Sanki bunu diş hekime gitmeye benzetebiliriz. Dişçi koltuğunda oturup çaresizce hekimin dişlerimizin durumunu kontrol edip sonucunu bildirmesini bekleriz ya hani… İçimizden şunu geçirdiğimiz de olmuştur; bu sadece bir uyarı, belki tedavi edilebilir o diş. Hekimin sakinleştirici iğne yapmasını bekleriz, apse varsa tedavi etmesini dileriz. Ama bazen maalesef tedavinin mümkün olmadığı cevabını alırız. Tek yol dişin çekilmesidir.
Önce diş uyuşturulur, çekilir. Bir süre bir şey hissetmeyiz. Zamanla narkozun etkisi geçtikçe hafif sızı başlar. Sonrasında ağzın içinde derin bir boşluk hissi. İlk etapta o boşlukla nasıl yaşayacağımızı bilemeyiz. Ona alışmak zordur. Sonra yavaş yavaş vücudumuza bütünlük sağlar o boşluk, adeta bir parçamız haline gelir. Sonra o kadar alışırız ki adeta hep varmış, o diş hiç olmamış gibi yaşarız. Ara ara bir şeyler yediğimizde, içtiğimizde beklenmedik bir sızı olur ama hızlıca geçer. Nasılsa alışmışızdır artık.

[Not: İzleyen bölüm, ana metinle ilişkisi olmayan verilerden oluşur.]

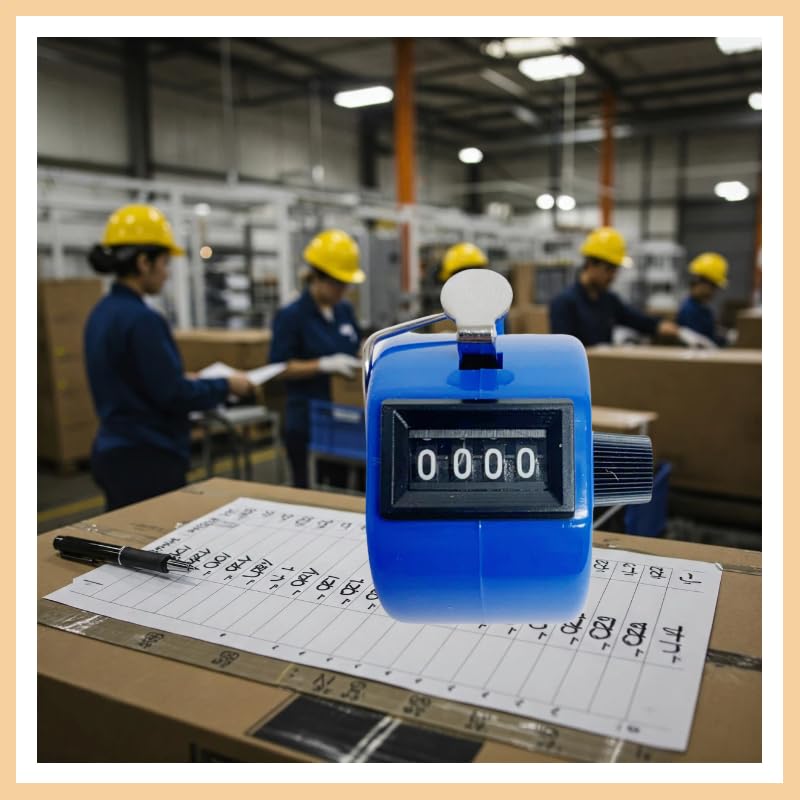 White Deer Hand Tally Counter 4 Digit Number Dual Clicker Golf Handy Convenient - color: Blue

İşte aşk da böyle bir acı, böyle bir boşluk hissi yaratır insanda. Önüne geçilse, önlem alınabilse daha mı farklı olurdu diye sorgulatır bazen. Oysa yaşanması gereken hiçbir şeyin önünde durulamadığı gibi, bunun da önünde durulamaz.
Ne demiş A. Kadir:
“Başımıza gelen bütün bu şeyler,
Dünyada olmamaktan daha iyi.
Hem bizim için hasret falan da neymiş ki?
Sen orada yıldızlara bakar dalarsın,
Ben burada cigaramı yakar dalarım.
İşte olur biter.”
Yine de bu duyguyu tadabildiğimiz için şükredip, kendimizi şanslı sayar ve “Dünyada olmamaktan daha iyi” dersek, işte olur biter…
Ancak, bu acıyı derinden yaşayanlar bilir; şu soruyu sorarız sanırım, bu acının geçmesi için bir acil yardım kutusu var mı? Galiba en doğrusu herkesin reçetesini kendisinin hazırlaması bu süreçte. Acılar paylaşıldıkça azalır elbet ama o boşluğu yine aşk ve sevgi ile doldurmak da bizim elimizde. Kendine inanmak, hayata hala iyimserlik penceresinden bakabilmek daha iyi gelmez mi? Denemekte fayda var sanırım.
Peki sizce yaşadığımız bu acının kaynağı, derin boşluk mu? Yaşamadıklarımıza duyduğumuz özlem mi? Hayal kırıklığı mı? Ya da yeniden birini sevebilmeye olan inanç kaybı mı? Ya da -nesiller boyu çözülememiş bu duygu durumuna- şimdi burada cevabı bulmak bize bir çözüm olacak mı?
Mühim olan cevabı bulmak değil sanki, panzehri bulmak, bu güzel duyguları yine de unutmadan yaşamak, yeni gelecek aşka hazır olmak. Siz ne dersiniz?